Nov. 22 (UPI) -- The U.S. Marine Corps Systems Command announced Wednesday that they have begun rolling out new upgraded Light Armored Vehicle Anti-Tank, or LAV-AT, weapon systems to its fleet Marine force.
The program office achieved its initial operational goals in September by completing field tests for four upgraded LAV-ATs with 1st Light Armored Reconnaissance Battalion, which is based out of Marine Corps base Camp Pendleton, Calif.
The new anti-tank weapon system fires tube-launched, optically tracked, wire-guided BGM-71 anti-tank missiles, or TOW missiles, that are produced by defense contracting company Raytheon and have been in service since the Vietnam War.
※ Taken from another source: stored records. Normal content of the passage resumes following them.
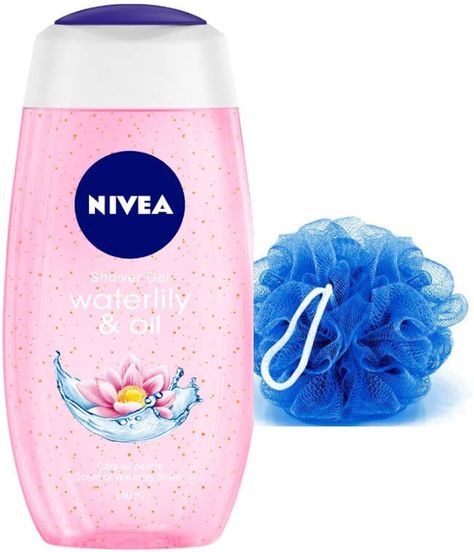 Amazon.com : NIVEA Waterlily & Oil Shower Gel, 250 ml with Free Loofah : Beauty & Personal Care Nivea Body Wash, The Best Body Wash, Body Wash For Men, How To Look Attractive, Best Body Wash, Dove Body Wash, Pear Body, Feminine Health, Shower Oil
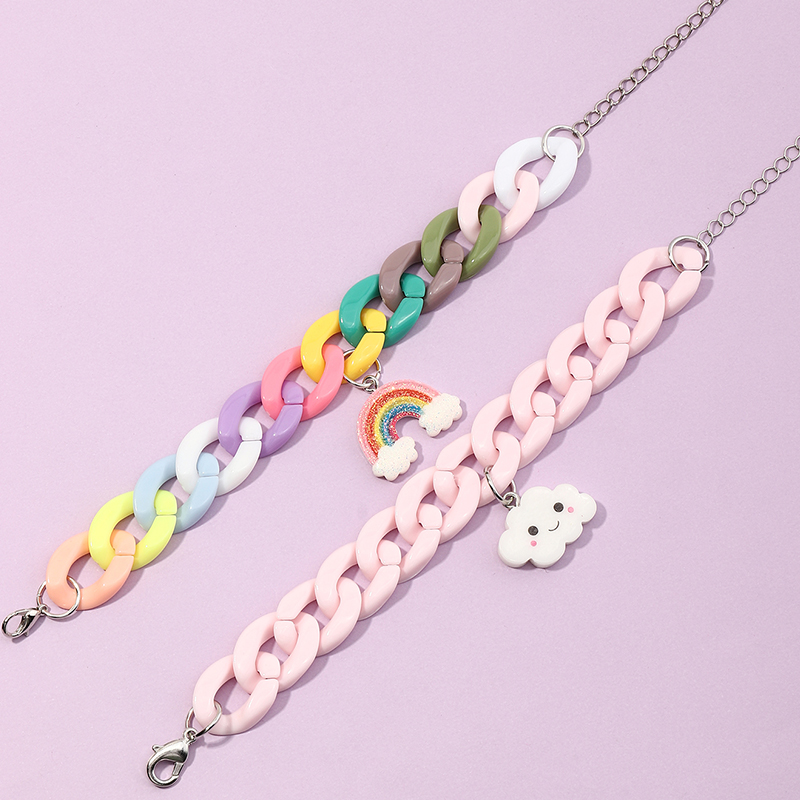 Rainbow cloud cute bracelet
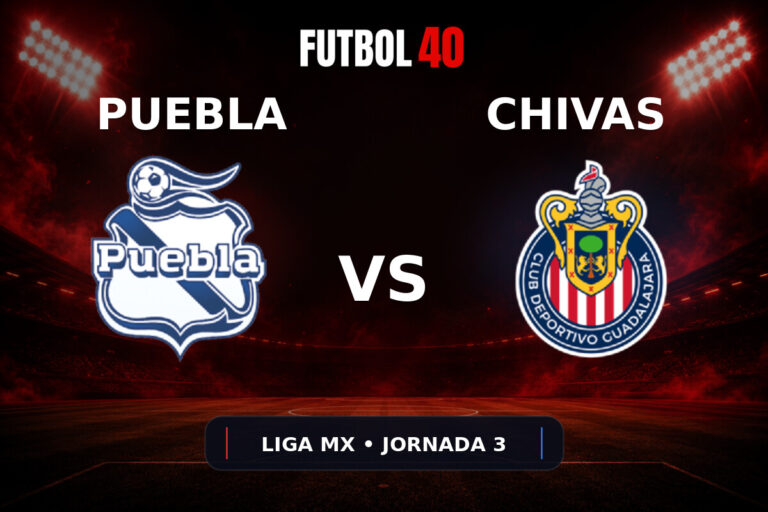 Puebla vs Chivas Guadalajara en vivo, Liga MX Apertura 2026 Jornada 3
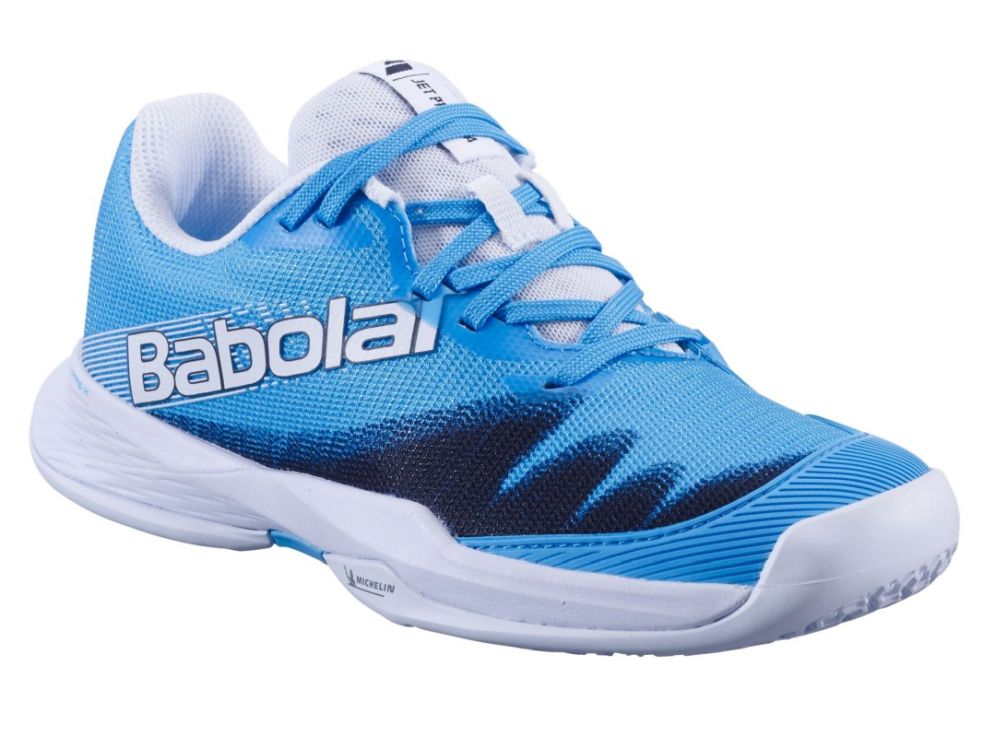 Babolat Jet Premura 2 JR - cyan blue/white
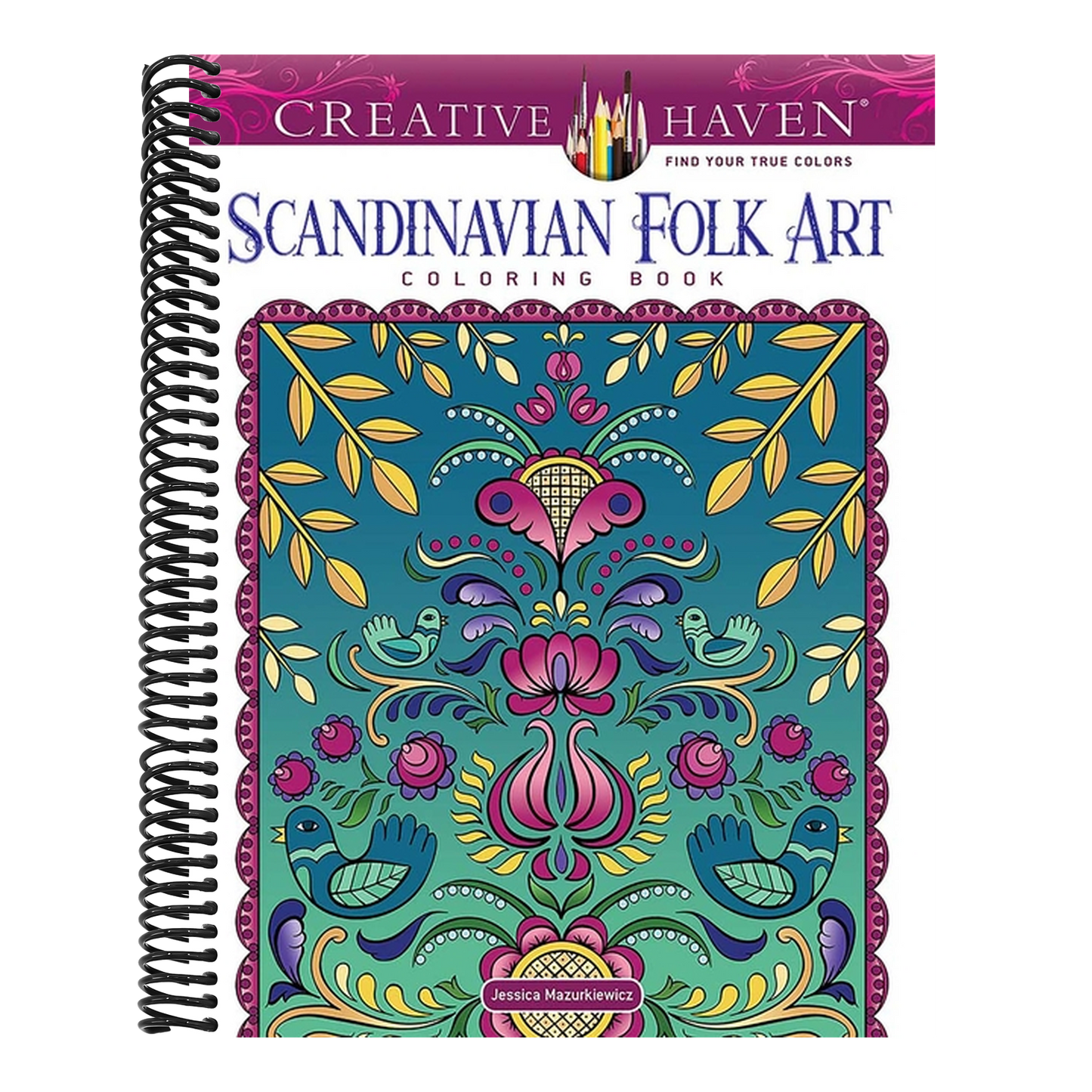 Creative Haven Scandinavian Folk Art Coloring Book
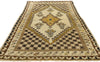 3 x 6 Vintage Turkish Oushak Rug 72261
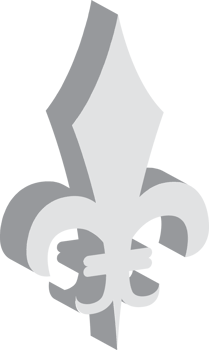 Fleur de lis isometric vector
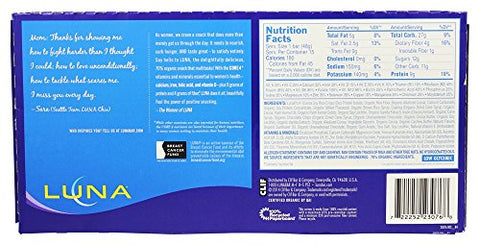 Luna - LUNA BAR – Barras de Lanche sem Glúten – Cupcake de Chocolate – 8g de Proteína – Não-OGM – Lanche Saudável à Base de Plantas – Snacks para Levar (Barras de Lanche de 48g, 30 Unidades)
TOW missiles provide long-range stand-off distance for LAV crews engaging enemy up-armored vehicles such as troop transports and tanks. Light Armored Reconnaissance units frequently work with conventional infantry forces and have the ability to provide ground observation intelligence in all climates, including during periods of limited visibility.
Jim Forkin, team lead for the Program Manager's Office for LAV-AT, said the goal was to "get a new turret on the LAV-AT platform that was easy to maintain, reliable and effective."
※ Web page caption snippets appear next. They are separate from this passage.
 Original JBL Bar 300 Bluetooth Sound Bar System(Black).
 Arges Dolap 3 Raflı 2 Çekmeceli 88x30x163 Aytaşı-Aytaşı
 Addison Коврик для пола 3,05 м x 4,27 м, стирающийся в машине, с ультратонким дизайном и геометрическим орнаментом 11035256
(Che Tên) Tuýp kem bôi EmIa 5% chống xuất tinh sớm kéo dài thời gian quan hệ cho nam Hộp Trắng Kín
"Compared to the legacy version, the new turret is unmanned, it fires both wire-guided and radio frequency TOW missiles, and it can acquire targets while on-the-move with an improved thermal sight," Forkin said.
Additionally, the Marine Corps says the new anti-tank system has a "Far Target Location system, new commander and gunner video sight displays, and an electric elevation and azimuth drive system, which helps rotate the weapon system onto a target."
"The turret is important because it protects Marines and gives them an enhanced capability that they didn't have before," said Chief Warrant Officer 4 Michael S. Lovell, Ordinance Vehicle Maintenance officer on the PM LAV team. "The new turret on the LAV-AT helps us watch over other vehicles and target enemies with increased vision."
LAV crews receiving the new weapon system receive two weeks of training by the program office. Improvements in training technology allow LAV crews to practice operating and firing the turret without wasting resources -- a feature that the previous LAV turrets were not equipped to do.
"This function is new to the LAV-ATM platform and will enhance sustainment training while in garrison or the field without wasting resources," said Forkin. "With new technological advances, the overall design and functionality has improved."
Complete fielding of the new weapon system is expected to be completed by the end of 2019, according to the Marine Corps.
"Marines who serve as anti-tank gunners will be able to do their job better," said Lovell. "We're providing a product that gives Marines an enhanced anti-tank capability improving their forward reconnaissance and combined arms fire power on the battlefield."